BigQuery
The BigQuery query runner allows you to connect to and query Google BigQuery datasets, with support for authentication via service accounts and Application Default Credentials (ADC).
Configuration
The BigQuery query runner supports the following configuration:
{
"projectId": "your-project-id",
"jsonKeyFile": "base64-encoded-service-account-key",
"loadSchema": true,
"useStandardSql": true,
"location": "US",
"totalMBytesProcessedLimit": 1000,
"maximumBillingTier": 1,
"userDefinedFunctionResourceUri": "gs://bucket/date_utils.js,gs://bucket/string_utils.js",
"useQueryAnnotation": false
}
Configuration Schema
Parameter | Type | Required | Description |
---|---|---|---|
projectId | String | Yes | Google Cloud project ID |
jsonKeyFile | String | No | Base64-encoded service account key JSON (if omitted, ADC is used) |
loadSchema | Boolean | No | Whether to load schema information |
useStandardSql | Boolean | No | Whether to use Google Standard SQL (true) or Legacy SQL (false) (default: true) |
location | String | No | BigQuery processing location (e.g., "US", "EU") |
totalMBytesProcessedLimit | Number | No | Maximum data processed in MB for query execution |
maximumBillingTier | Number | No | Maximum billing tier for query execution |
userDefinedFunctionResourceUri | String | No | URIs of JavaScript UDFs, comma-separated |
useQueryAnnotation | Boolean | No | Whether to enable query annotation (default: false) |
Example Usage
from legion_query_runner.query_runner import QueryRunner
# Initialize with BigQuery configuration
bq_config = {
"projectId": "your-gcp-project",
"useStandardSql": True,
"location": "US"
}
# Create a QueryRunner instance
runner = QueryRunner('big_query', bq_config)
# Test connection
runner.test_connection()
# Execute a query
results = runner.run_query("SELECT * FROM `project.dataset.table` LIMIT 10")
Authentication
The BigQuery query runner supports two authentication methods:
- Service Account Key - provide a base64-encoded service account key JSON in
jsonKeyFile
- Application Default Credentials (ADC) - omit
jsonKeyFile
to use ADC
To create a base64-encoded service account key:
# Generate base64-encoded key
cat service-account-key.json | base64 -w 0
Type Mapping
The BigQuery query runner maps BigQuery data types to standardized types:
BigQuery Type | Legion Type |
---|---|
INTEGER | INTEGER |
FLOAT | FLOAT |
BOOLEAN | BOOLEAN |
STRING | STRING |
TIMESTAMP | DATETIME |
DATETIME | DATETIME |
DATE | DATE |
Query Optimization
To optimize query performance and reduce costs:
- Use the
totalMBytesProcessedLimit
parameter to set an upper bound on data processed - The query runner will first perform a dry run to estimate data processed and will reject queries exceeding the limit
- Use the
maximumBillingTier
parameter to control billing tier escalation for complex queries
Schema Retrieval
The BigQuery query runner extracts schema information using INFORMATION_SCHEMA views:
# Get schema for all tables (only if loadSchema is true)

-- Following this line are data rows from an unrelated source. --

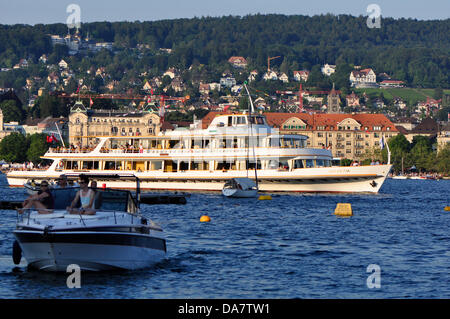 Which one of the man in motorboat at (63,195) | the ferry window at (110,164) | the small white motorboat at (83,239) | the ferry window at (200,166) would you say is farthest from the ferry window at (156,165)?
the man in motorboat at (63,195)

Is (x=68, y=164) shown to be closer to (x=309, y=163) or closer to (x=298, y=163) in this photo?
(x=298, y=163)

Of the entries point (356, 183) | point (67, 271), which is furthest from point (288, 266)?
point (356, 183)

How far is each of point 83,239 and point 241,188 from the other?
49.9 meters

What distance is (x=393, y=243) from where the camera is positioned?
141ft

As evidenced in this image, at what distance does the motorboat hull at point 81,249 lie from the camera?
94.5 ft

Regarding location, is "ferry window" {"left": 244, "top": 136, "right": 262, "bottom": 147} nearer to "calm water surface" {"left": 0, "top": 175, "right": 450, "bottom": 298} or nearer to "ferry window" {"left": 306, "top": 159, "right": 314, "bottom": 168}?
"ferry window" {"left": 306, "top": 159, "right": 314, "bottom": 168}

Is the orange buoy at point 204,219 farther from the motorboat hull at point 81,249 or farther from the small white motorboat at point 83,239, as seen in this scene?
the motorboat hull at point 81,249

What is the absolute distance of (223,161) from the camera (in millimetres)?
86312

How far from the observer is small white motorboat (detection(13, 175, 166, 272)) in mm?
28812

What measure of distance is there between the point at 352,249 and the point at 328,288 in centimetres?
1033

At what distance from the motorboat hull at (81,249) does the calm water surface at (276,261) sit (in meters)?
0.40

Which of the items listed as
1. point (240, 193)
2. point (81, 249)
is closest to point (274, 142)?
point (240, 193)

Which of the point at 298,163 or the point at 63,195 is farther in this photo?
the point at 298,163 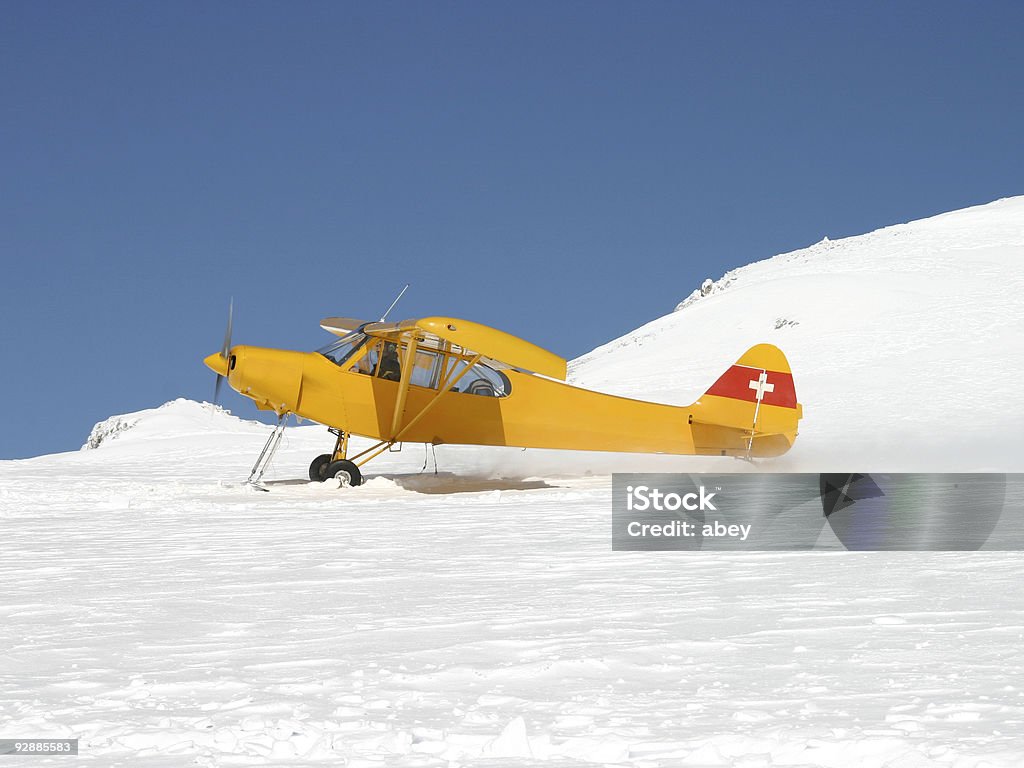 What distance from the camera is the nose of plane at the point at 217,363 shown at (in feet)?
41.2

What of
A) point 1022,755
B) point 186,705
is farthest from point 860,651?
point 186,705

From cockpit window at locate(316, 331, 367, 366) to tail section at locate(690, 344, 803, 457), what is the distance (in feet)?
15.2

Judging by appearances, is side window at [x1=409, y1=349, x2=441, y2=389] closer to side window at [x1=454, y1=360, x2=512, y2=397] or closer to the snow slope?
side window at [x1=454, y1=360, x2=512, y2=397]

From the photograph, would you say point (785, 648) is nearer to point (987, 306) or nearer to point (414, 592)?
point (414, 592)

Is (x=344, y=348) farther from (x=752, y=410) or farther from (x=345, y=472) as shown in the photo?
(x=752, y=410)

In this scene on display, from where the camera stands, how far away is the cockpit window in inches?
503

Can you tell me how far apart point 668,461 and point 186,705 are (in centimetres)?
1374

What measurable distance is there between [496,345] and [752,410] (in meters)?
4.76

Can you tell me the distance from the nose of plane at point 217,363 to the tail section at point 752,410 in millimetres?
6167

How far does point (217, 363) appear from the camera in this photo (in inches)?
497

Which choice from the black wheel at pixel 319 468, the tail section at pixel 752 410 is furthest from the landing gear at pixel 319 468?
the tail section at pixel 752 410

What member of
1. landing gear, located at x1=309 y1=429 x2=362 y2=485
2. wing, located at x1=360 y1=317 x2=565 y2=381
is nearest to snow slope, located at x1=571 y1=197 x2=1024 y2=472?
wing, located at x1=360 y1=317 x2=565 y2=381

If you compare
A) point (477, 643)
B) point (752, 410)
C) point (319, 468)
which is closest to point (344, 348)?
point (319, 468)

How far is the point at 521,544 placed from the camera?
23.4ft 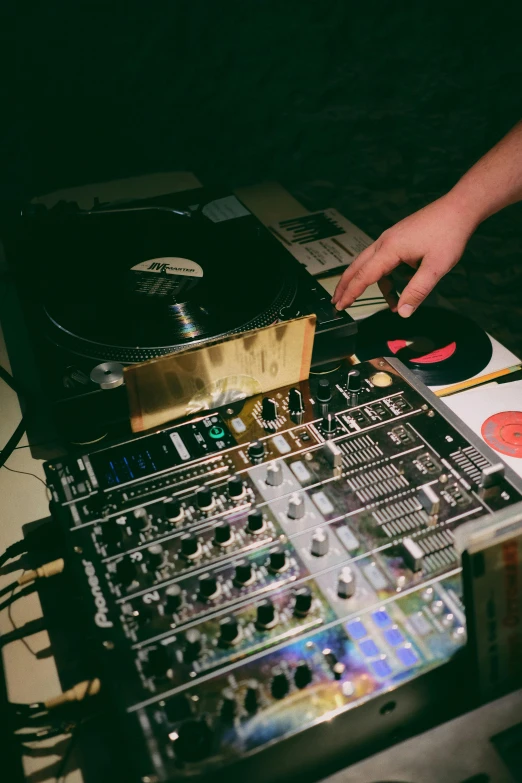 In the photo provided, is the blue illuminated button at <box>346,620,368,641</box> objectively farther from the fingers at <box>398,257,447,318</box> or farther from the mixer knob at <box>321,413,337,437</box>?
the fingers at <box>398,257,447,318</box>

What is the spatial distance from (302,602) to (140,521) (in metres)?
0.27

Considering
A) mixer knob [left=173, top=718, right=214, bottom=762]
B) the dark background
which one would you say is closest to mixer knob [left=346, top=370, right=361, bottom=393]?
mixer knob [left=173, top=718, right=214, bottom=762]

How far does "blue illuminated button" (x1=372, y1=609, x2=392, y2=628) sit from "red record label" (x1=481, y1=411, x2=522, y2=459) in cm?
52

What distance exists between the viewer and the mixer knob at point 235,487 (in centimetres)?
94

schema = runner.get_schema()
# Get columns for a specific table
columns = runner.get_table_columns("dataset.table")
# Get column types for a specific table
column_types = runner.get_table_types("dataset.table")
User-Defined Functions
To use JavaScript user-defined functions (UDFs):
- Upload your JavaScript UDF files to Google Cloud Storage
- Specify the GCS URIs in the
userDefinedFunctionResourceUri
parameter as a comma-separated string
Implementation Details
The BigQuery query runner uses the Google Cloud client libraries to connect to BigQuery. These libraries must be installed for the query runner to be enabled:
pip install google-api-python-client google-auth google-cloud-bigquery
The query runner includes support for:
- Query cost estimation and limiting
- Cancellation of running queries
- Tracking data scanned metadata
- Automatic pagination for large result sets
- Handling of repeated fields (ARRAY types)
- Custom timeouts for long-running queries